Call for Participants: 5th International and Interdisciplinary Conference on Emotional Geographies

University of Edinburgh, June 10-12, 2015

Session Organizers: Heather McLean (University of Glasgow) and Leslie Kern (Mount Allison University)

Title: Urban Theory’s Dirty Sweaty Little Others

Planetary urbanism, urban neoliberalism, creative cities, the precariat, gentrification, urban exploration, sustainability, community arts: contemporary urban theory has no shortage of concepts and topics with high levels of academic and popular currency. Falling under the broad umbrella of “critical [urban] geographies” (Blomley, 2006), these topics (perhaps ironically) form the basis of dominant – and intellectually trendy – conceptual models for understanding the city. Some urban scholars have added nuance to this work by calling for research that decentres a global north-south divide, engages more with post-colonial theories, addresses embodiment and emotion, and fosters a feminist ethic of care, reciprocity, and engagement with research ‘subjects’ (McCann and Ward, 2012; Nagar, 2013; Peake and Reiker, 2013; Robinson, 2011; Wright, 2014). But, as popular urban research topics are continually refined, repeated, cited, and re-circulated through particular scholar networks they may develop an increasingly abstract distance from the people, places, and contexts that are purportedly of concern. Moreover, too often the process and emotional/embodied labour of theory-making remains opaque and authorial subjectivity remains obscured within this canon. Our intention for this session is to contribute to discussions about what gets lost – and what happens outside of – these networks of dominant, western, abstract theorizing about cities.

As feminist urban geographers, teachers, artists, and activists, we argue that it is a feminist imperative to keep flagging the invisibilized labour of theory-making, the devaluation/appropriation of the (gendered and racialized) labour of the ‘subjects’ of urban research, the affective economy of cities, and the queer and embodied processes of thinking, playing, failing, blundering, wandering, and wondering that generate something Other than the current dominant ‘critical’ narratives of the city.

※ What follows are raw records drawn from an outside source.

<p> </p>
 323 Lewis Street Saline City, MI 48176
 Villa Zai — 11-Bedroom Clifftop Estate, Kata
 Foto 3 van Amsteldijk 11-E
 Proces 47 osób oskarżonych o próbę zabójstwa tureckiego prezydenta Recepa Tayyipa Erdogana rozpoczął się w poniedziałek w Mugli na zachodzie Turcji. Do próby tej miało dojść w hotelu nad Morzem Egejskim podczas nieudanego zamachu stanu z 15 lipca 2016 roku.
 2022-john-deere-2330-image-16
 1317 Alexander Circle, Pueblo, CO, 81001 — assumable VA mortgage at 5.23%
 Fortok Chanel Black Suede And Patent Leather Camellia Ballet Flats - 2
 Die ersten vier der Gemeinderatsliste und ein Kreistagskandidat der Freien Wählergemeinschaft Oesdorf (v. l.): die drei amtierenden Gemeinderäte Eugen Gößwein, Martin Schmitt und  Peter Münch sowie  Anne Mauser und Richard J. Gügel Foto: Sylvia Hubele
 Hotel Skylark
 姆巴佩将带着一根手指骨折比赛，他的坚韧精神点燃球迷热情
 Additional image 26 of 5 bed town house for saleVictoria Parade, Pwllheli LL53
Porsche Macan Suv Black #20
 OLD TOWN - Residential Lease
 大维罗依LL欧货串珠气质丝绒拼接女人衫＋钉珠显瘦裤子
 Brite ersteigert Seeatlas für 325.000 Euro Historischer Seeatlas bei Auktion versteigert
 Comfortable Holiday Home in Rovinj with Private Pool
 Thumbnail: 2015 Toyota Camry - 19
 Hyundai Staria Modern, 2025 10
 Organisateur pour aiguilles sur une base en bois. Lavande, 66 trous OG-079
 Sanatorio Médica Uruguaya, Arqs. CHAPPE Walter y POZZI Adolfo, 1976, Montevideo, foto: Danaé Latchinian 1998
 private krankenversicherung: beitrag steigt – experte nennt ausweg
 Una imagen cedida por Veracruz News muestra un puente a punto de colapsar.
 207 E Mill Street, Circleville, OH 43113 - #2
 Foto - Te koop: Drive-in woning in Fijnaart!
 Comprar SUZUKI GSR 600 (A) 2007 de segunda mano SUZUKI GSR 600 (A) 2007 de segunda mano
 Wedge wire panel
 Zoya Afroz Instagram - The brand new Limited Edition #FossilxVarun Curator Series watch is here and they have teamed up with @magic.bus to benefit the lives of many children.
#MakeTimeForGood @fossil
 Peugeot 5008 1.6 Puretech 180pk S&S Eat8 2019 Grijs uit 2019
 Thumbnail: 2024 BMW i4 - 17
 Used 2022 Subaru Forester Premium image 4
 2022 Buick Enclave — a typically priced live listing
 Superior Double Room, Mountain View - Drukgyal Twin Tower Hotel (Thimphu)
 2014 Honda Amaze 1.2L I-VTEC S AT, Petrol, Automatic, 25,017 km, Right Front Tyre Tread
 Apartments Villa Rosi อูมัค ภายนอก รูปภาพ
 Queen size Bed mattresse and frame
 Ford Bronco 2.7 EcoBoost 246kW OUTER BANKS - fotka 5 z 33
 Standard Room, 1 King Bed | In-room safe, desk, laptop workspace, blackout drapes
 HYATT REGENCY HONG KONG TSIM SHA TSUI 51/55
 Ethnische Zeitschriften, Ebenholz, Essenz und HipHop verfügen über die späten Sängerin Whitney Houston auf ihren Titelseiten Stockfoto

Drawing inspiration from Jack Halberstam’s (2011) notion of “queer failure,” Sarah Ahmed’s (2014) idea of “sweaty concepts,” and the longstanding feminist commitment to engage deeply with the everyday, the irrelevant, the banal, and the excessive, we ask the following questions in the spirit of playful and provocative critique:

  • · How does urban theory/research reproduce dominant narratives about the city? What structures (financial, institutional, social, etc.) facilitate this? Where does this production take place? Alone, in front of computer screens, in workshops attended by select individuals?
  • · What counts as theory? What counts as a concept? What counts as theory-making? Ahmed notes that some of us ‘litter’ our conceptualizing with anecdotes or personal experiences or embodied, emotional narratives (e.g. acknowledging the ‘sweat’ that occurs when we encounter a ‘place’ where we don’t fit); this ‘litter’ can be a generative starting point for theorizing. But it is often cut out of or devalued in academic writing. What makes us sweat?
  • · How can we put this ‘litter’ back in, or reclaim frivolous ideas and practices meant to “provoke, annoy, irritate and amuse” (Halberstam 2011)?
  • · Do pressures to engage with particular concepts or methodologies hold us back from taking risks, getting lost, blundering around with ideas, and maybe failing as we take twisty pathways that can open up doors and create further unexpected encounters?
  • · What can we learn from using what Halberstam refers to as “silly” archives, low theory (e.g. pop culture), the strange, the inconsequential, the micro, the irrelevant, the affective, and the everyday to examine urban politics?
  • ·What ‘sweaty concepts’ are there to work with in urban geography? (E.g. are there any concepts that “show the bodily work or effort of their making”?)
  • ·What would we like to have available to work with – conceptually, emotionally, politically – that is missing or underrepresented in the lexicon of urban theory?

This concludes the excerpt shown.